Since 2000, in the world as a whole, 22 new nuclear electric plants have been put on line. Some 25 more are in construction phases now—and recently, nuclear power plants have been completed very rapidly in some Asian countries—but that includes none in the United States, and only three in European countries outside Russia. The overall global number is still very small, compared to the 6,000 nuclear units which engineers have long known are needed, if the nations of the world are to have and use anything like the electricity per capita, per year, which is used in Western Europe, the United States, and Japan (see James Muckerheide, "How To Build 6,000 Nuclear Plants by 2050," EIR, June 17, 2005).
The United States now has 104 of the world's 430 operating nuclear plants; but America had 112 operating in 1991. Since that time, about 7,000 megawatts of nuclear (the equivalent of about seven large nuclear-electric units) have been taken off line because of age and/or the economic costs of refurbishing or relicensing; and 6,000 megawatts of those units' capacity has been decommissioned; that is, permanently shut down. During the next 10 years, another 30 nuclear power units will reach their original licensed operating-lifetime age of 30 or 40 years; many of them have either already been relicensed to keep operating, or have such relicensings under review by the Nuclear Regulatory Commission; but half a dozen have not yet had any step taken by their operating power companies toward relicensing.
So by 2015, without forceful intervention by government, it could be 25 years since nuclear power plants stopped going on line in America; and we may well have lost the equivalent of 10-12 full-sized nuclear units, because of age, in that quarter-century.
Yet the most "ambitious" plans of the George W. Bush Administration so far—as emphasized again by the President when he signed the new energy act on Aug. 8—aim at adding those two to three new nuclear plants to the U.S. electricity grid by 2015! Compare this to the baseline necessity for construction of 100 new plants, as estimated by NRC head Nils Diaz.
Can We Build Them?
In several Asian nations, the time needed actually to construct a nuclear plant and bring it on line, has recently been as little as four years. But American industry is in the same paradoxical situation with regard to building nuclear power plants, as it is for going to the Moon: We did it in the past; we cannot do it now, without having to import major elements in the process.
In order to restart the nuclear construction critically needed for the U.S. power grid, the government will have to intervene to guarantee quick approval of both sites and advanced designs, committing credits to construction if necessary. Figure 2 shows, for example, 17 locations around the nation where up to 28 new plants could be built on sites which already have operating nuclear power units. Figure 3 indicates where another 36 nuclear plants were cancelled over the years, many after their site selection had been approved.

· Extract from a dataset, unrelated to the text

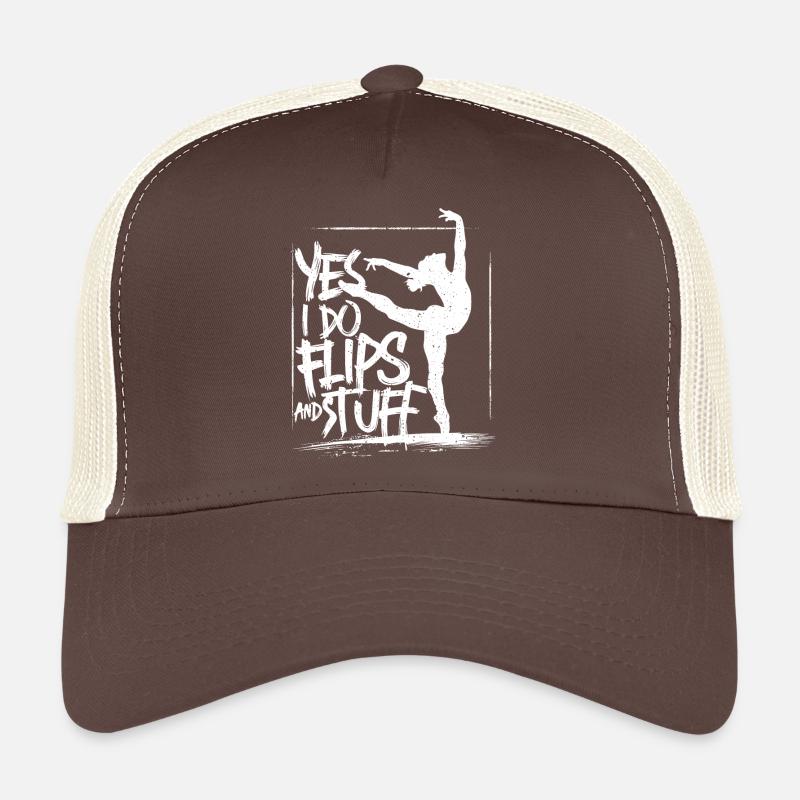 Sure, I do flips and everything Trucker Cap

But the Congress also immediately has to re-regulate the electric power industry, to place the emphasis back upon utilities producing growing volumes of reliable power and transmission capability, rather than on the Enron model of buying, moving, and marketing electricity across state lines.
And Congress will also need to launch a national investigation and inventory of the industrial capabilities the nation still has for production of nuclear plant components and systems, and those it no longer has; so as to guide an immediate intervention, with credit and incentives, to bring back those industrial capacities which have been lost, but at 21st Century levels of nuclear technology.
Such an immediate initiative for fact-finding, and then Congressional re-regulation of the economy to revive its ability to build modern infrastructure, is a critical aspect of the policy Lyndon LaRouche circulated to Congress and the country in March, under the heading Recreate Our Economy.